Rachid Nekkaz, a French-Algerian businessman has challenged a controversial ban on Muslim women’s full-body swimwear, known as burkini, saying he would pay the penalty for any woman who was charged for defying the law.
The wealthy human rights activist Nekkaz, said he has decided to pay the fines of any women breaking the partial law, which came into force on July 28 and runs until August 31 at some French beaches.
“As soon as I see that France is not respecting fundamental liberties, I always get my chequebook out,” he said.
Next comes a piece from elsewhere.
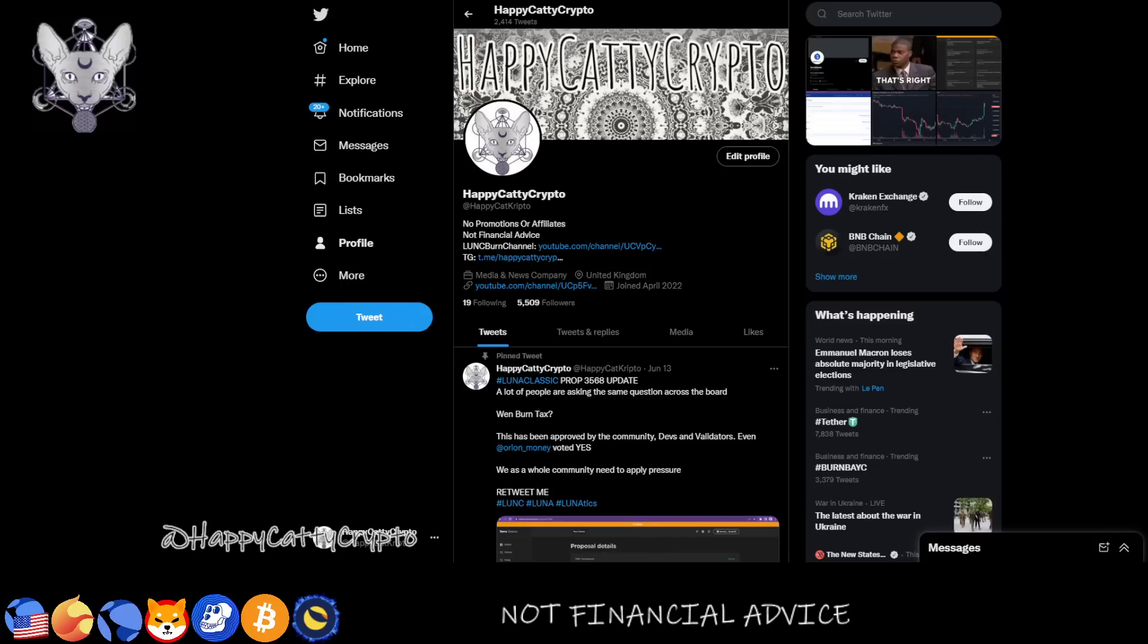Hey folks, welcome back to the channel. Happy Catty Crypto here. So let's dive into a video on governance, Terra Rebels, who are Terra Rebels, and why do we need governance, why do we need staking, and why are proposals so important and why they will continue to be very important throughout the future of Luna Classic and USTC.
Nekkaz, who has so far paid three fines of €38, said some politicians are taking advantage of some terror attacks in the country to try to reduce the number of freedoms, a move that he described as “unacceptable, inadmissible and intolerable.”
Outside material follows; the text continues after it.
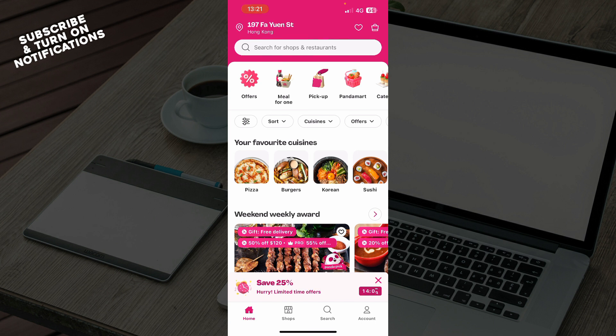But now guys let's see how you can actually go and log out of foodpanda. It is pretty simple and you just need to follow these few steps to know how to do it in no time.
“And I don’t accept that these great countries such as France, Belgium, Switzerland or the Netherlands and now Germany, take advantage of this fear of Islam to reduce the number of personal freedoms,” he added.
Germany also intends full-face veils in any place where identification is required, according to Interior Minister Thomas de Maiziere, who said the move is aimed at promoting security and national cohesion.
Critics, however, describe the bans as islamophobic.
Nekkaz, 44, argued that while the full-body swimwear is not a threat to freedom of others or the security of the country, nobody has the right to prevent Muslim women from wearing it.
France, which has become the first European country to ban public wearing of the full-face Islamic veil (burqa) in April 2011, has banned the full-body swimwear this summer.
For breaking the burkini ban, one will face fines of €38 ($42), said the mayor of the French city of Cannes.
Nekkaz, who has a history of standing up for Muslim women, set up a fund in 2010 to cover any fines they would receive for breaking the burqa ban.
Those, who break the law of burqa ban, have to pay fines of €150 ($205) or do public service duties.